To be fair to the reader – and so as not to give the impression he jumped straight off the sofa after watching TV – James and his wife Becky have been half way across the world.

They once jacked in their jobs in journalism and primary care to back pack across Australasia and South East Asia. They swam with sharks and trekked through snake-infested rainforests. 

It was when they got home and found themselves back in ordinary “day jobs” the itchy feet syndrome started again. James was working with a mountain-path repair scheme and Becky in a village shop. To combat the creeping wanderlust, Becky signed up to five 100k walking challenges across Britain for Dementia UK and James went “peak-bagging.” "What’s that?” his wife enquired. “Sounds as if it’s for middle aged men with beards who don’t have girlfriends.”

Undeterred, James explained it means ticking off or “bagging” a predefined list of mountain peaks and armed with  the industry bible, a copy of The Mountains of England and Wales by John and Anne Nuttall, he wrote out a hit list and set off to do it.
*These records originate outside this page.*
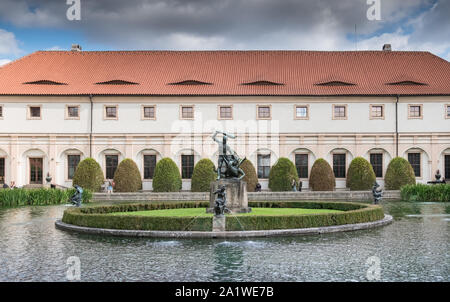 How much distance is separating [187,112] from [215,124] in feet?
8.18

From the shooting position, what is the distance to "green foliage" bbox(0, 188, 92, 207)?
2764cm

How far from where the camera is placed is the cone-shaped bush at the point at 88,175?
122ft

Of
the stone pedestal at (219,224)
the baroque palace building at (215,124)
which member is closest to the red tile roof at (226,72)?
the baroque palace building at (215,124)

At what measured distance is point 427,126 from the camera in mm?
40781

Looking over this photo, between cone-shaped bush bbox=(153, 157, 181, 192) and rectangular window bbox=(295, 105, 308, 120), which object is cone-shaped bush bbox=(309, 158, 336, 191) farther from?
cone-shaped bush bbox=(153, 157, 181, 192)

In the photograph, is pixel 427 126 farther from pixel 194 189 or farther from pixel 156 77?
pixel 156 77

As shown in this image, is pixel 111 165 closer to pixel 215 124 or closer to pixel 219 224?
pixel 215 124

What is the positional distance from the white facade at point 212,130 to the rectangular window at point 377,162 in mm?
314

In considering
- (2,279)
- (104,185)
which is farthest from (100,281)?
(104,185)

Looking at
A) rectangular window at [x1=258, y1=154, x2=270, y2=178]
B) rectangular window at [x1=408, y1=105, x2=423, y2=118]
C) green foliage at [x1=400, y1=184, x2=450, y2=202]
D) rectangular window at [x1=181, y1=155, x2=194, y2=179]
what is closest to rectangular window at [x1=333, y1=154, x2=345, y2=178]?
rectangular window at [x1=258, y1=154, x2=270, y2=178]

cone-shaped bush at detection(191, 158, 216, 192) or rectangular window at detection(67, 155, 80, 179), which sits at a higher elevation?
rectangular window at detection(67, 155, 80, 179)

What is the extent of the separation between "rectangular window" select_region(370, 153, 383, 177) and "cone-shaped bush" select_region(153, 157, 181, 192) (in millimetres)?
16015

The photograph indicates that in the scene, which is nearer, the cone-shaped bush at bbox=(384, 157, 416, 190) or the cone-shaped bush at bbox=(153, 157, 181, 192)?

Alone, as Becky’s dodgy knees were not up to the steep tracks.

The book records his triumphs and disasters along the way. Right from the first day in the Nuttall peaks of the North Pennines western fells, when it rained so hard he nearly drowned standing up, to the final day six months later when he came full circle back to the area to complete his challenge by climbing England’s highest mountain Scafell Pike.
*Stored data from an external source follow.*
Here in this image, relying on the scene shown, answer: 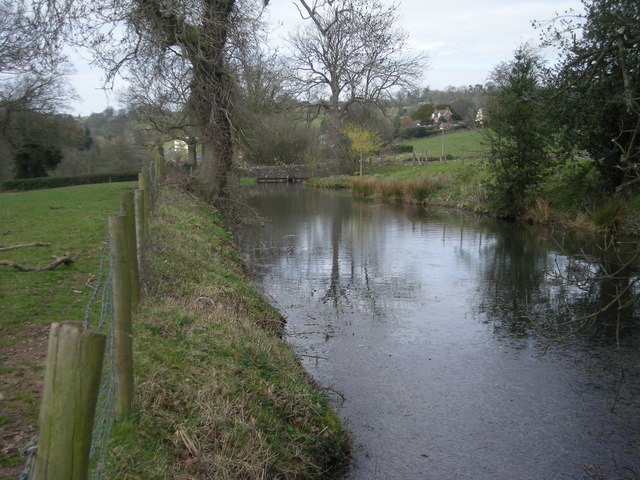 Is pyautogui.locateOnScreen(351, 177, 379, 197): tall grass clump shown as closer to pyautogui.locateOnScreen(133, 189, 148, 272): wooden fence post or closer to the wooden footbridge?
the wooden footbridge

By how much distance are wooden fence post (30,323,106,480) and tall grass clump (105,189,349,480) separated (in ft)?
5.74

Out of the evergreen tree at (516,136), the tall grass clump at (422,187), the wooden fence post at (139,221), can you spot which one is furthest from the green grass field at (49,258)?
the tall grass clump at (422,187)

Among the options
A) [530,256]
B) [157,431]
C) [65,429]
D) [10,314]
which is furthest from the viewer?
[530,256]

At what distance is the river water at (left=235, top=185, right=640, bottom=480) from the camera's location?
5.36 metres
Of course there are also the characters he meets along the way, none more surprising than the “suave and stylish” chap “with a Ralph Lauren logo on his polo shirt” who pulls up as he is attempting to thumb a lift along the A591 near Keswick on a very mucky day.

Having been ignored by a succession of clapped out camper vans and empty farmers’ 4x4s, to his amazement, a seriously posh Porsche Caymen GT4 sports car roars up.

I’ll leave the next bit to James: “‘Jump in, dude,’ said the Lake District’s answer to Lewis Hamilton, as he calmly shifted a crate of expensive-looking champagne off the passenger seat. 'Having a little soiree tonight,’ he explained. How much is the car worth? ‘Around a hundred thousand pounds. It’s my pride and joy.’

"If that was the cost, my boots covered in sticky Skiddaw mud had just done about five grand’s worth of damage to its bespoke interior. This nice guy had offered my a lift out of the kindness of his heart and I had made the footwell of his Porsche look like the bowl of an unflushed toilet in a dodgy late-night curry house.”

An image that stuck with me for some days.